Assigned task: Retype the lines of the material below, exactly and only, from the one containing "Cisco Catalyst 2960-C Series PoE" through the last line, with pictures left out.

Supplied material:
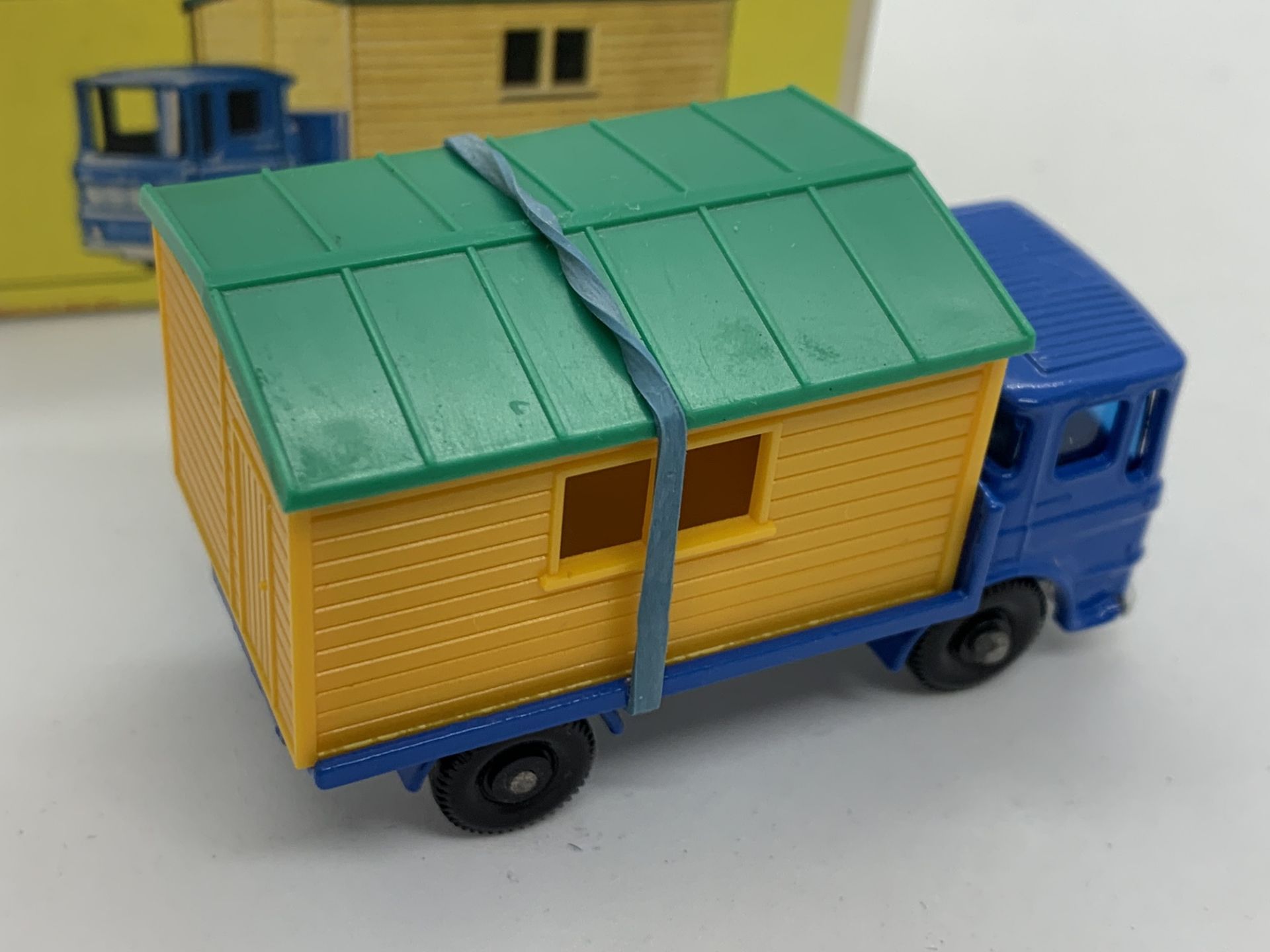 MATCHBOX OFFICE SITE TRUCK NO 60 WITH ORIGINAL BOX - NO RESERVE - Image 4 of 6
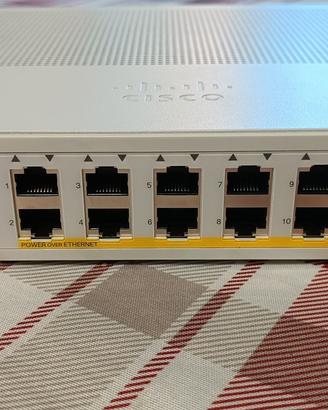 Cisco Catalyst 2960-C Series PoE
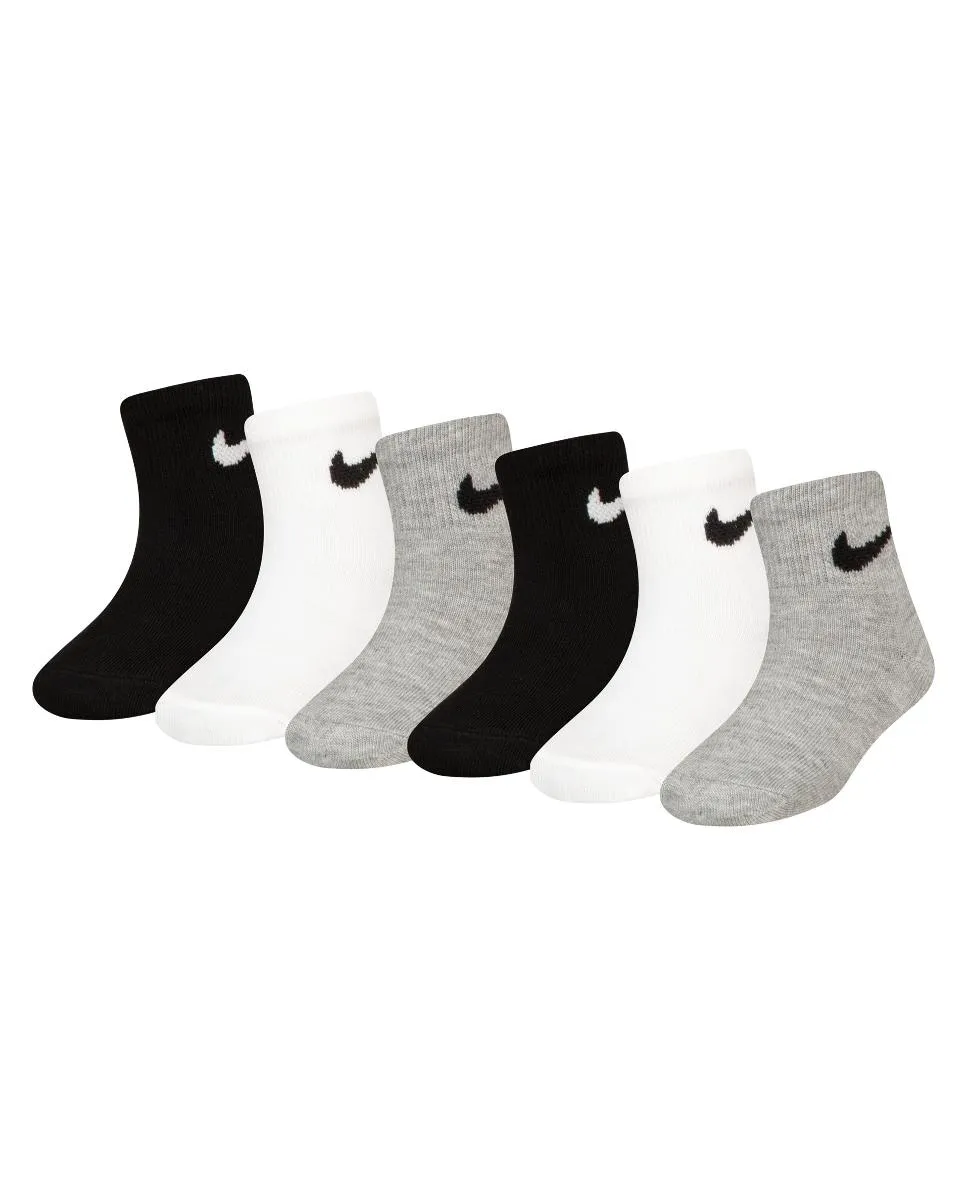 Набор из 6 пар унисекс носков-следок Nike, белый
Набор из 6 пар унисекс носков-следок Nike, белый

Completed task:
 Cisco Catalyst 2960-C Series PoE
 Набор из 6 пар унисекс носков-следок Nike, белый
Набор из 6 пар унисекс носков-следок Nike, белый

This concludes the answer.